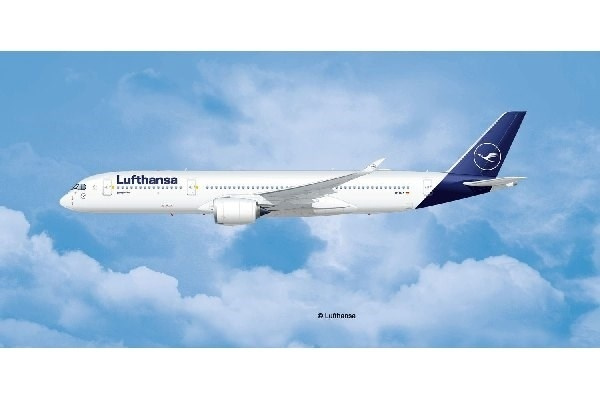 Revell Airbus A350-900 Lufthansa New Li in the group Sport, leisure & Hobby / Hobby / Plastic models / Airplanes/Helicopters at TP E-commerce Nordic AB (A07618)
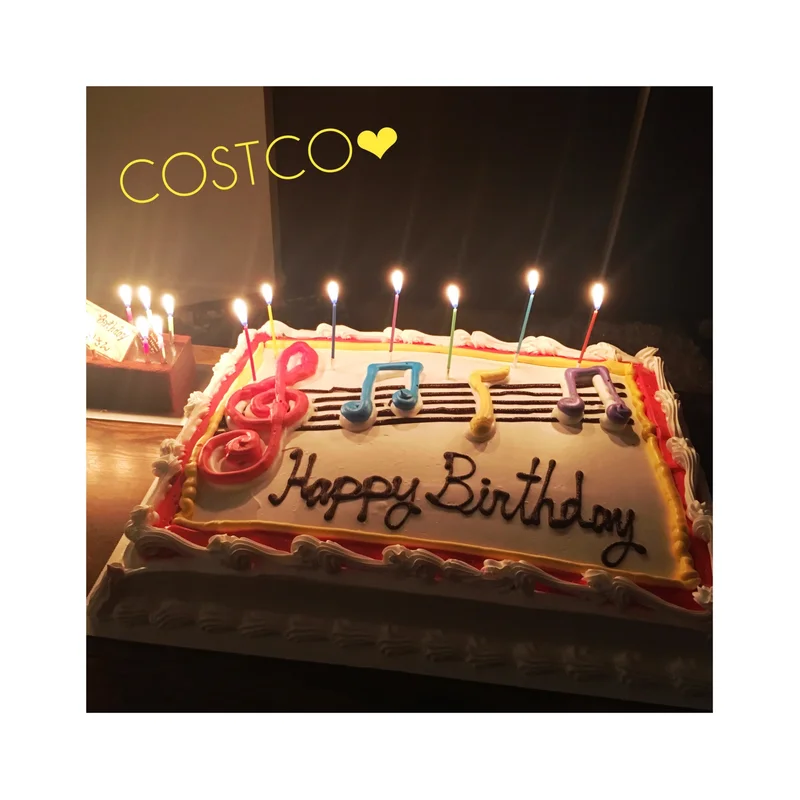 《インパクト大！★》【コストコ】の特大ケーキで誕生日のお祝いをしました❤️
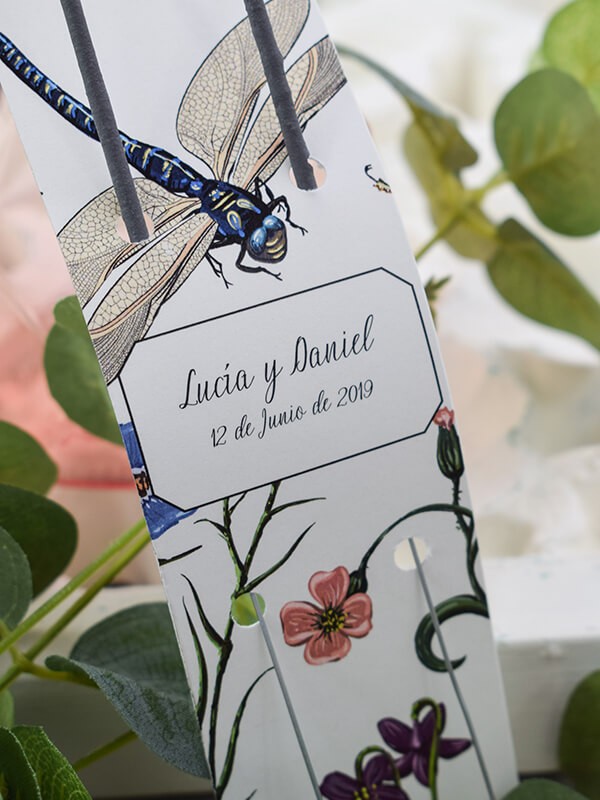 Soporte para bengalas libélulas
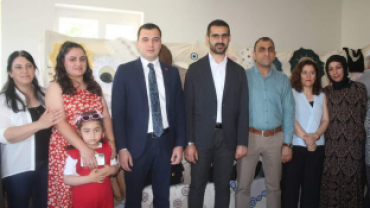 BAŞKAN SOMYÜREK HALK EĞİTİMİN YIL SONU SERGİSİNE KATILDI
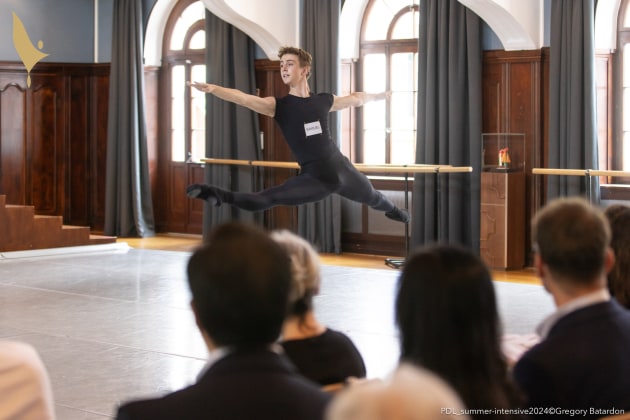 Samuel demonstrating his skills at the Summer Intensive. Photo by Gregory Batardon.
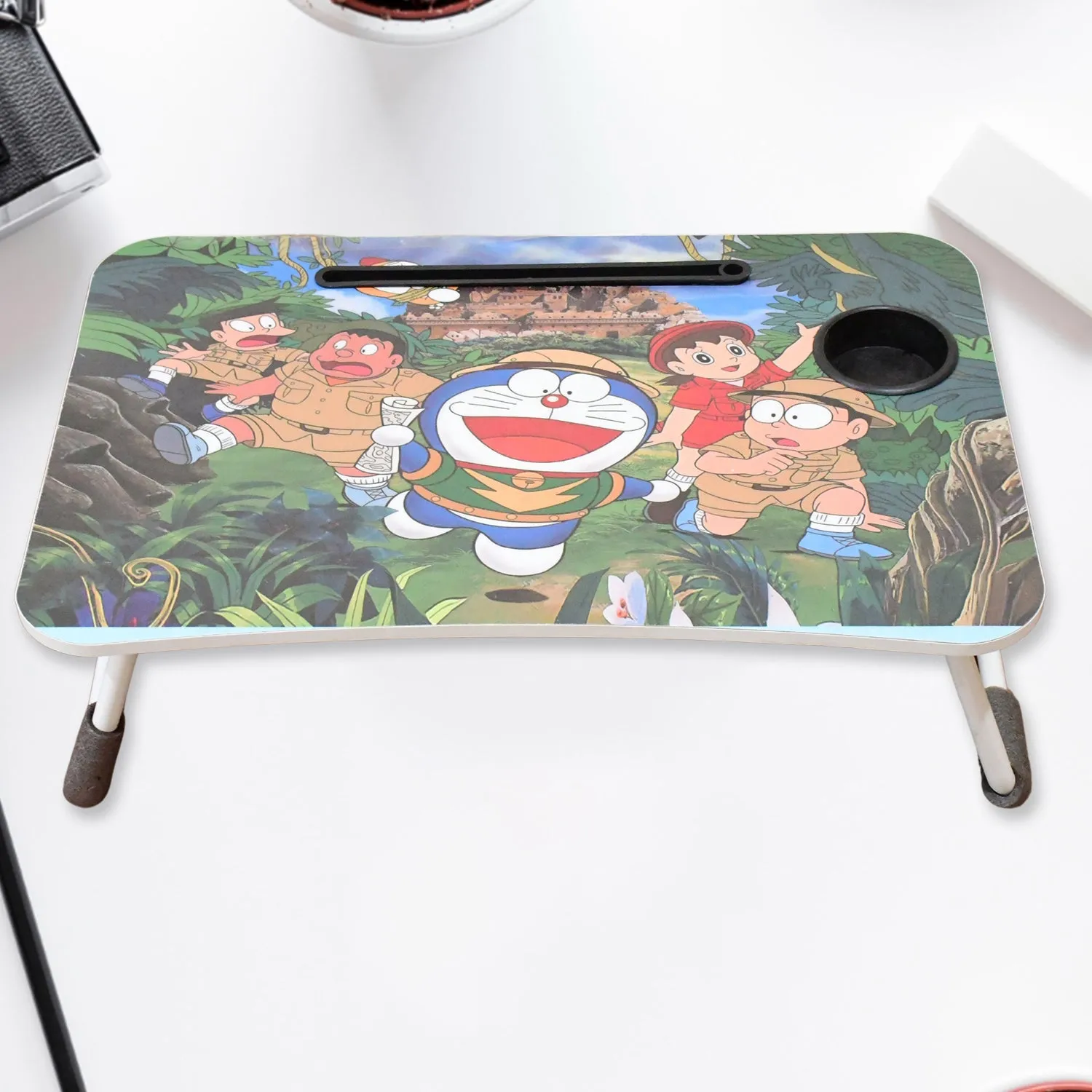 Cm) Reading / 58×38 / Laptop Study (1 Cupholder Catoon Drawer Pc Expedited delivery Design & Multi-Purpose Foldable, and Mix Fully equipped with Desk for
^^^^^^^^
#### WORK REQUEST:
In the records above, take every line from the opening one through the line with "Soporte para bengalas libélulas" and repeat it exactly; pictures are not part of the copy.

#### TASK OUTPUT:
 Revell Airbus A350-900 Lufthansa New Li in the group Sport, leisure & Hobby / Hobby / Plastic models / Airplanes/Helicopters at TP E-commerce Nordic AB (A07618)
 《インパクト大！★》【コストコ】の特大ケーキで誕生日のお祝いをしました❤️
 Soporte para bengalas libélulas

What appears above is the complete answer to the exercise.